# What SAGE Can Do

SAGE does a wider range of mathematics than every other open source mathematics software, partly by virtue of incorporating several of the other large mature systems.

This is a high-level overview and list of functionality that is easily available from the standard SAGE interface. (The intended reader has never heard of Maxima, GAP, Singular, Givaro, etc.). This should be aimed at SAGE-2.5, and will be released with it.

## Calculus

• SAGE has fairly complete symbolic manipulation capabilities, including symbolic and numerical integration, differentiation, limits, etc.

## Coding theory

• A wide range of basic functionality.

## Commutative Algebra

• Fast computation of Groebner basis.

## Cryptography

• Classical ciphers are well supported.

## Elementary Education

• The SAGE notebook (a graphical interface) is a useful tool for basic math education because of its flexible visualization/output capabilities.

## Finite Fields

• Very fast arithmetic over finite fields and extensions of finite fields (especially up to cardinality 2^16).

## Graphical Interface

• A web-browser based graphical interface, which anybody can easily use or share.

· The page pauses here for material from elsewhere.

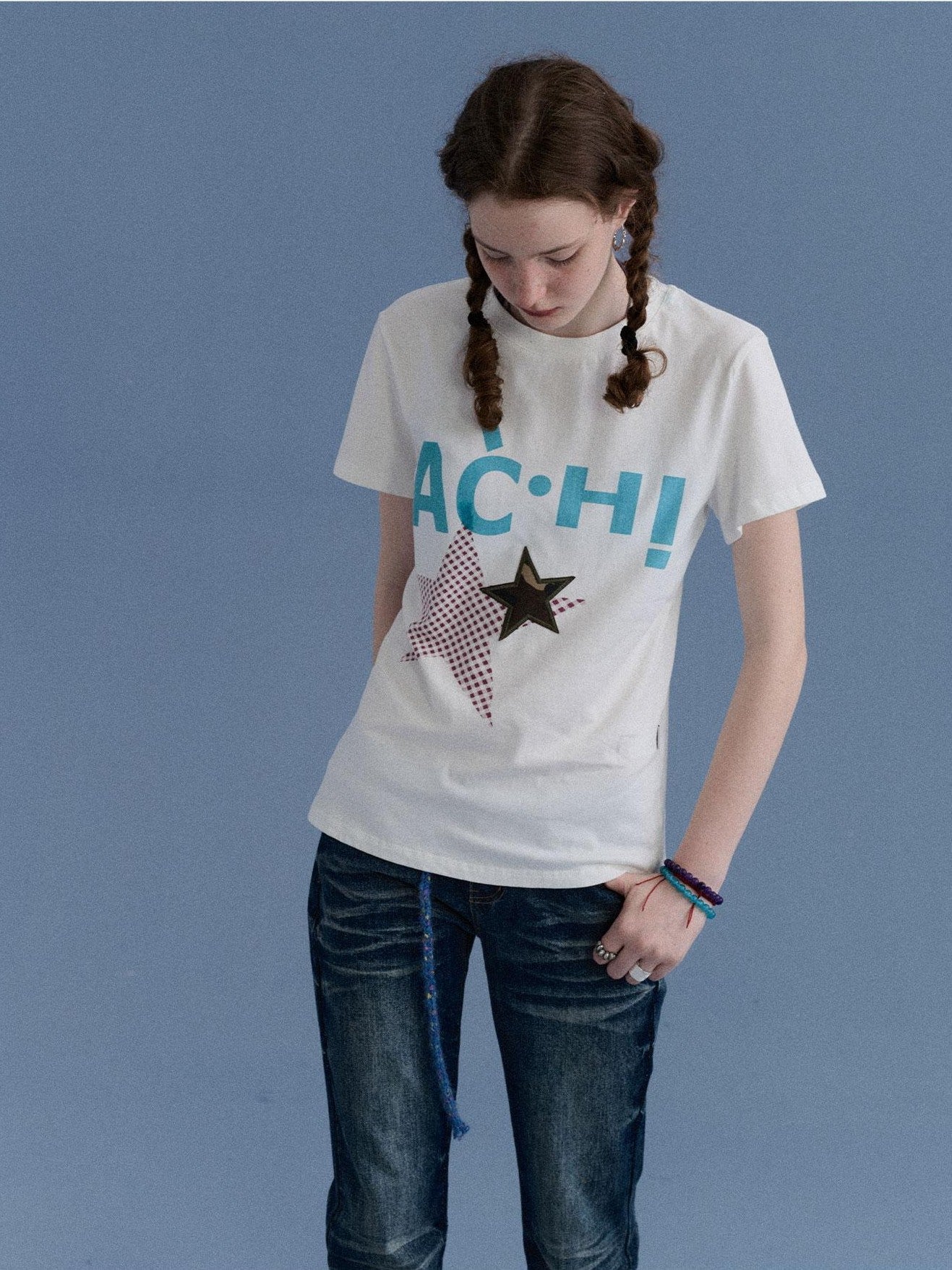 Achihara Plaid Star Print Oversized Women&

The GUI can also be used for any math software that SAGE interfaces with.
• A wiki with math typesetting preconfigured.

## Group Theory

• Permutations groups
• Abelian groups
• Matrix groups (in particular, classical groups over finite fields)

## Interfaces

• Interpreter interfaces to Axiom, CoCoA, GAP, KASH, Macaulay2, Magma, Maple, Mathematica, Matlab, Maxima, MuPAD, Octave, and Singular.
• C/C++-library interfaces to NTL, PARI, Linbox, and mwrank.

## Linear Algebra

• Compute the reduced row echelon form of e.g. dense 20,000x20,000 matrices over GF(2) in seconds and 50MB of RAM.
• Computation of reduced row echelon forms of sparse matrices.
• Fast matrix multiplication, characteristic polynomial and echelon forms of dense matrices over QQ.

## Number Theory

• Compute Mordell-Weil groups of (many) elliptic curves using both invariants and algebraic 2-descents.
• A wide range of number theoretic functions, e.g., euler_phi, primes enumeration, sigma, tau_qexp, etc.
• An optimized modern quadratic sieve for factoring integers n = p*q.
• Modular symbols for general weight, character, Gamma1, and GammaH.
• Modular forms for general weight >= 2, character, Gamma1, and GammaH.

• Elliptic Curves:
• All standard invariants of elliptic curves over QQ, division polynomials, etc.
• Compute the number of points on an elliptic curve modulo p for all primes p less than a million in seconds.
• Optimized implementation of the Schoof-Elkies-Atkin point counting algorithm for counting points modulo p when p is large.
• Complex and p-adic L-functions of elliptic curves
• Can compute p-adic heights and regulators for p < 100000 in a reasonable amount of time.

• Formal groups

## Numerical Computation

• Fast arithmetic and special functions with double precision real and complex numbers.
• Matrix and vector arithmetic, QR decomposition, system solving.